Just ahead of his scheduled appearance at the ICA’s “Engagement In The Social Entertainment Age” event in Toronto, Contagious’ North American editor Nick Parish talked to Marketing about how brands can be nimble, human and even forgiven online.
What can people expect from your talk tonight?
I’m going to talk about engagement. People used to think engagement online had to be really deep and immersive. There are some things that are really great at being deep and immersive, but there are a lot of ways marketers can do little things, more tactical things, and still be pretty engaging. I’ll talk briefly about the idea of social entertainment and what it’s looking like to gather people around big events like the World Cup or the Royal wedding. And then we’re going to get to briefing. Everyone wonders how you brief for engagement. I think one of the most important things there is if you brief for advertising, you’re going to get advertising back. If you brief for engagement, you’re going to get something that’s engaging back. So the question is: how do you create a platform that’s going to lead to engagement rather than one that leads to advertising?

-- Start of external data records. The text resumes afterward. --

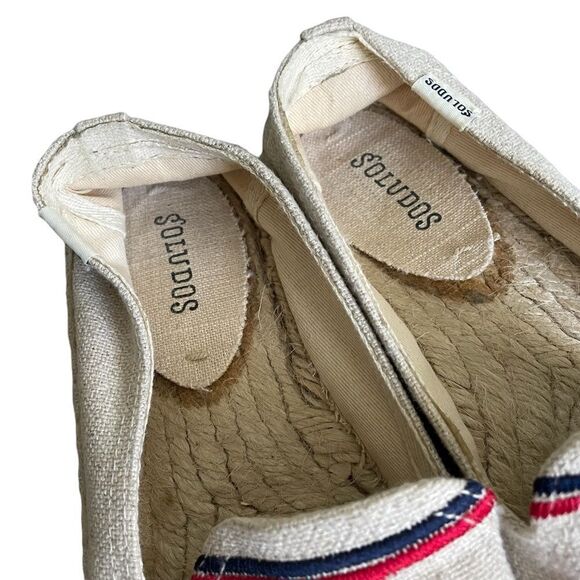 SOLUDOS Cream Slip-On Embroidered Espadrilles Smoking Slippers Sandals Loafers 8 - Picture 11 of 12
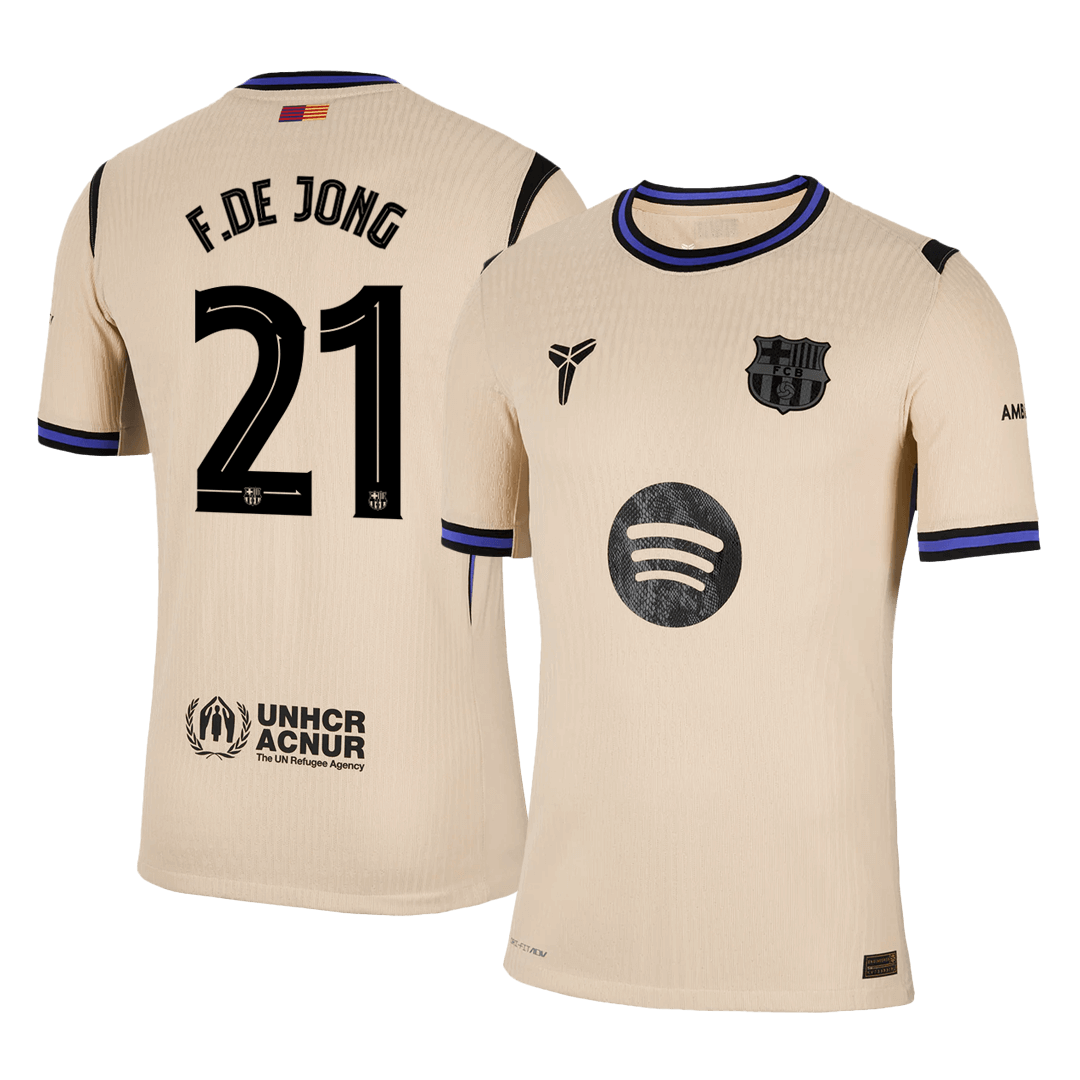 F.DE JONG #21 Men's Barcelona UCL 2025/26 Player Version Away Soccer Jersey - Slim Fit product view 1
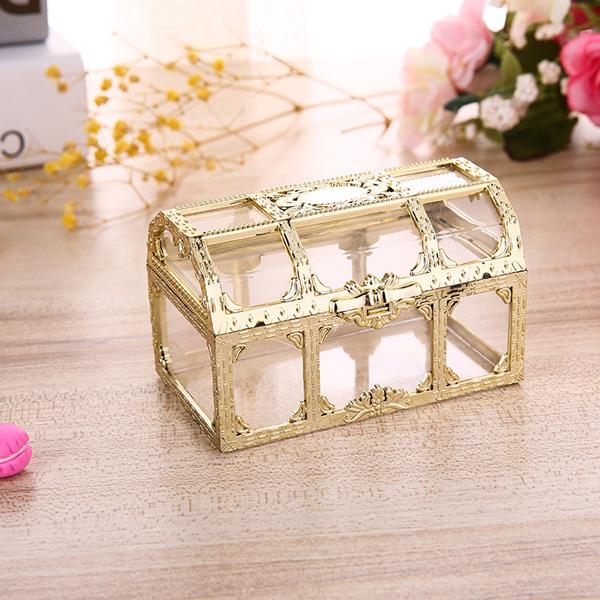 Gold Silber Transparent Pirate Schatz Aufbewahrungsbox Süßigkeiten Schmuckstück für Schmuck Kristall Edelstein Schmuckkästchen Halter Organizer Ohr 7.4x5.2x5cm gold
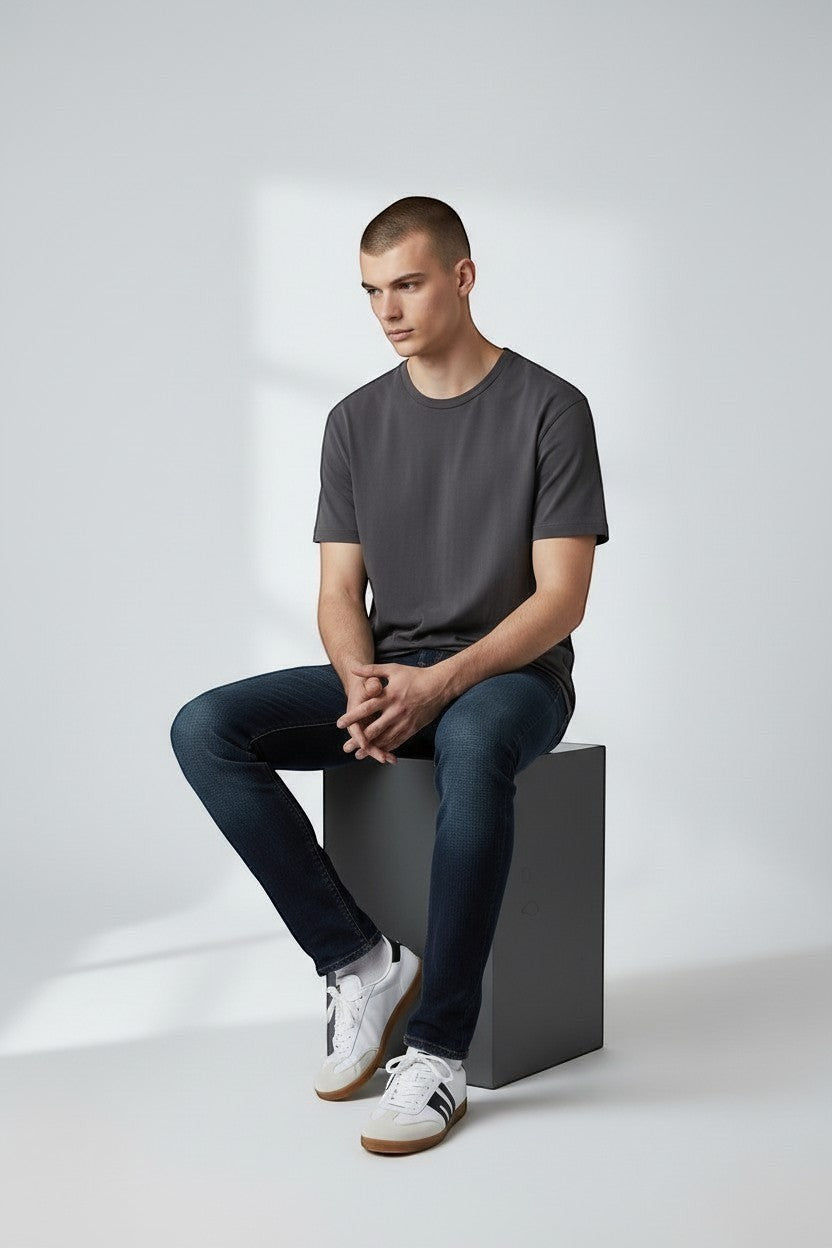 BRIKLYN men's retro court-style sneakers in white with black stripes and gum sole.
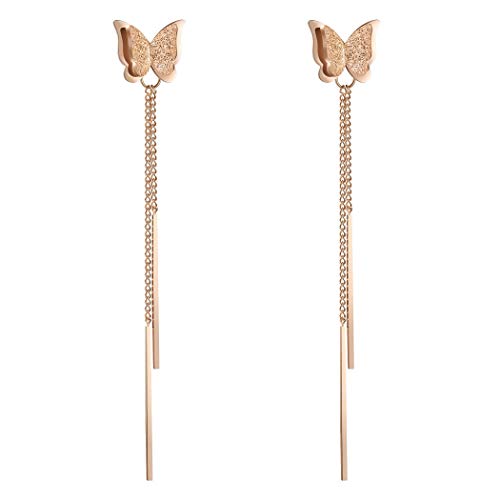 Butterfly Stud Earrings Tassel Bar Drop 14k Rose Gold Plated Chain Dangle Cute Earring Jewelry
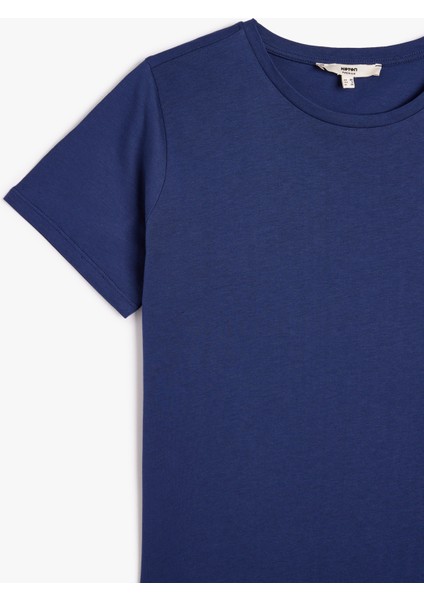 Bisiklet Yaka Kısa Kollu Pamuklu Basic Tişört modelleri
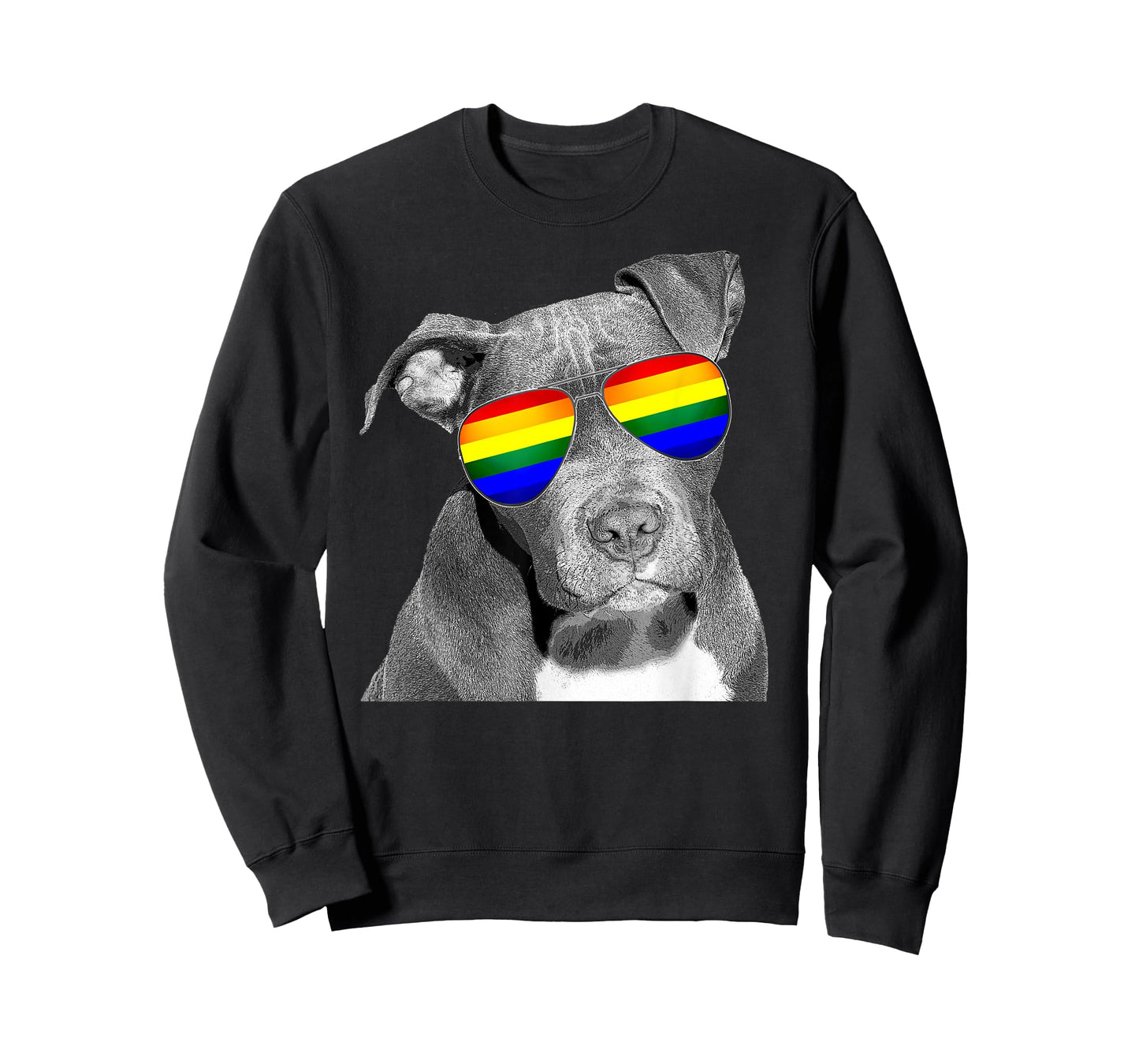 Pitbull Gay Pride Dog Clothing LGBT Funny Gift Rainbow Flag T-Shirt for Men Women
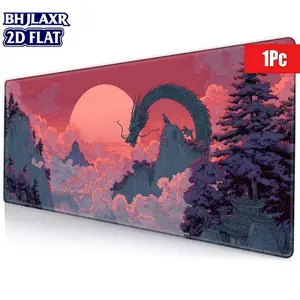 1Pc 2D Flat XXL Aesthetic Dragon And Pagoda Mouse Pad, HD Digital Printing, Non-Slip Rubber Base, Stitched Edges, Serene Fantasy Landscape Desk Mat, Gaming Office Mouse Pad For Laptop Computer Desktop Decor
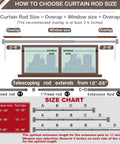 Sizing guide with extension instructions for Antique Brass Curtain Rod Kit 18 To 88 Inches Adjustable One Inch Diameter Built To Last Drapery Pole For Indoor Outdoor Use No Sweat Easy Installation No Sag Stabilizes Heavy Drapes Modern Look For 24 To 80 Inch Windows.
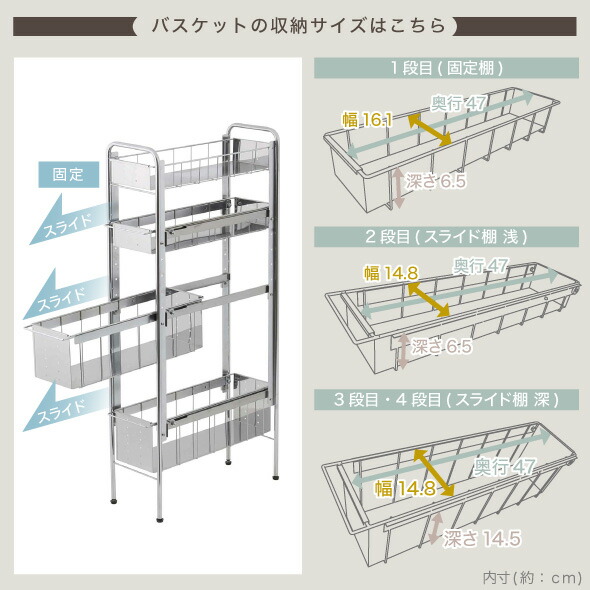 楽天市場】ランドリーサイドラック [ 4段 幅21cm ]ランドリー 洗濯機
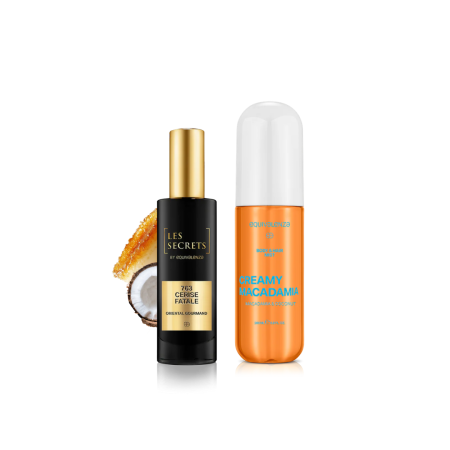 100-200 lei - Pachet Promo: Spray corp si par Creamy Macadamia 200 ml + Apa de Parfum Creme Caramelisee 759 Les Secrets, Unisex, 30 ml - Equivalenza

Okay, I’ll bite. How do you create a platform that leads to engagement?
Everything has to start with participation. How will people participate in this? How will people engage with what you’re doing? And then how will they get there? How do you make something that requires a response? And then from there, how do you get people to respond to that? And then, what’s going to be the content it’s built around, and how do you measure that? How do you monitor it? The last of those is obviously the biggest question for people. It’s sort of the Holy Grail.
What are the features of the new “social entertainment” age?
It feels like every time there’s a huge event that happens in the world, we kind of recalibrate our idea of what a smash hit really is in terms of how people respond to it online. So just last year Lady Gaga’s new video would come out and there’d be one or two million hits over the weekend. You’d have this massive amount of traffic and everybody would say, ‘Oh my God, that’s the fastest rise to this, ever.’ Since then, we’ve obviously had some interesting things happen in the world that are kind of recalibrating our sensors as to what’s influential or what is going to gain traction. You’re seeing things like the massive volume of tweets during the Super Bowl or a more massive amount of tweets during the capturing/killing Bin Laden saga. You’re seeing this escalation of activity around these things. So what are brands doing to get themselves involved in these things?
Any tips on how brands can capitalize on a big event or happening in the news?
The Ashes is a major cricket tournament between Australia and Britain and there was a 20-year-old babysitter from Massachusetts and her Twitter handle was TheAshes. She was constantly getting mentioned in all these different discussions about [cricket]. She started getting upset about it. Some of the people who were down in Australia we’re saying, ‘Hey wait a second, she doesn’t know what cricket is, she’s getting all of this attention, maybe we can do something about this.’ And so someone working with big marketers down there like Vodafone and Qantas got in touch with her and they brought her to Australia and they had her doing all these different charity events and going around learning about cricket.
What North American companies are doing this well?
I think the Kraft/Ted Williams thing was interesting when they acted really quickly to make him the voiceover star of the brand. If you think about a consumer packaged goods company or a foods company like Kraft, you don’t really think they’re going to be super nimble with their marketing. But they were able to do a good thing for him fairly quickly.
But on the flip side, there must be some concern about acting too quickly.
That’s the number one fear. We talk to a lot of marketers about this and there’s definitely a fear of being wrong or jumping at something and jumping wrong. But the internet is very forgiving. If you do something dumb and you admit that it was dumb… people are going to say, ‘you’re right it was pretty dumb [but] at least you took a chance.’
There was a really funny snafu in early February when some volunteer for the Red Cross was manning the Twitter [account] and he accidentally tweeted from the American Red Cross account rather than his own account. He said something like ‘I found some four-packs of this Dogfish Head Beer. I’m going to get slithered tonight’ or something definitely unbecoming of the Red Cross. So the tweeter obviously deleted it, but the Dogfish Head guys saw it because they were mentioned in the tweet. So they said, ‘This is great. We love that we’re getting love from the Red Cross, anyone who tweets with this hash tag as well, we’ll donate $5 to the Red Cross.’ There was an air of forgiveness there, the Dogfish Head guys looked supremely cool, the Red Cross guys looked like real humans on a faceless charity and everybody won out.